Virus and phishing attacks soar in September

Virus and phishing attacks soar in September


Second surge of email attacks targeted at executives

Security experts have warned that virus and phishing levels have increased significantly, reaching levels not seen since early 2006.

The MessageLabs Intelligence (PDF) report for September also highlights a second wave of increasingly sophisticated email attacks targeted at executive-level and senior management.

MessageLabs estimates that, on average, there is now a virus threat incorporated within every 48 emails.

Cyber-criminals are steering away from using the more obvious attachment method of distribution, and favouring the use of links to malicious websites hosting malware code.

This technique, which increased in popularity by approximately 15 per cent this quarter, allows cyber-criminals to use social engineering attacks such as e-cards.

Contrary to the recent findings in a report by F-Secure, MessageLabs has seen the volume of phishing threats surge this month with one in every 87 emails hosting a phishing attack.

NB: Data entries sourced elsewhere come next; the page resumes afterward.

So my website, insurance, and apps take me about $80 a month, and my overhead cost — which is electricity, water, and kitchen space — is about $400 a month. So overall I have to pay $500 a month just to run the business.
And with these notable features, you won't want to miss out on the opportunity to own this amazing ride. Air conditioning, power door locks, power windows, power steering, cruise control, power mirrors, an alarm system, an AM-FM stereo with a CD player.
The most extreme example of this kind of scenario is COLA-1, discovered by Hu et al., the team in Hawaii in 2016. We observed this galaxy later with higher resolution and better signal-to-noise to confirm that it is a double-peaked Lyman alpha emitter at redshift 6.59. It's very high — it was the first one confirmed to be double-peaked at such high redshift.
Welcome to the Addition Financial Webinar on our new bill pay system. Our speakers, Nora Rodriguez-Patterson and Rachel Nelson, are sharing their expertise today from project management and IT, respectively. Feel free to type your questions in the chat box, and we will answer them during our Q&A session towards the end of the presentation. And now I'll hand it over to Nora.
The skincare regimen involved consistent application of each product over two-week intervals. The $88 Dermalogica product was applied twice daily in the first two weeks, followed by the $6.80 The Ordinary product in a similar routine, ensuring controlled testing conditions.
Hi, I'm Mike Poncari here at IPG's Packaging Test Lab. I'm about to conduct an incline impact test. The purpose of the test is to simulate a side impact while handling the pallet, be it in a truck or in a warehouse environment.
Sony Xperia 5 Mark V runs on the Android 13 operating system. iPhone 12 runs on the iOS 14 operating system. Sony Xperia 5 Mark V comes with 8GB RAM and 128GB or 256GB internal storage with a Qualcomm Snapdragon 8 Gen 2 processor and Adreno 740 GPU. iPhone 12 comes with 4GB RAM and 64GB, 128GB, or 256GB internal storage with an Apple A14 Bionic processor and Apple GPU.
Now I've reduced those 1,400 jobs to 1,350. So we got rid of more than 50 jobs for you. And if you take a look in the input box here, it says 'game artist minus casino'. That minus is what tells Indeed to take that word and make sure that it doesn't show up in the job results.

The report attributes this to the increased availability of phishing kits, and new techniques such as 'rock' phishing which enables a single compromised computer within a botnet to host multiple phishing sites at the same time.

"The start of the new school year seemed to bring back an increase in old-school threats in high volumes," said Mark Sunner, chief security analyst at MessageLabs.

"With email more ubiquitous than the telephone, and one in 48 emails containing a virus, most people are unwittingly receiving more than one virus a day.

"As we enter the last quarter of 2007 and draw closer to the holiday season, the bad guys will be able to disguise their attacks through the increase in genuine well-wishing emails and the anticipated upsurge in online shopping."

MessageLabs also believes that the rise of comprised machines through aggressive botnet activity will further increase spam levels.

The September threat figures have also shown that highly targeted methods are still rife.

MessageLabs saw more than 1,100 senior management executives targeted in an attack on 12 September, thought to be by the same perpetrators of a similar assault on 26 June.

The sophisticated emails purport to be from a recruitment company and use a Microsoft error message to persuade the victims to click on the RTF attachment.

The RTF file contains an executable which drops two files onto the computer which in turn will be used to pass sensitive information back to the attacker.

Paul Wood, a senior analyst at MessageLabs, said that the increase in highly targeted attacks was "particularly worrying as the methods used and the small scale of the attacks made them very difficult to detect".

He added that alternative educational tools such as the Anti-Phishing Phil game designed by a team at Carnegie Mellon University are a great idea as technology, no matter how advanced, will only ever provide some level of protection.

"Users need to have a level of education, support and knowledge to effectively deal with security," said Wood.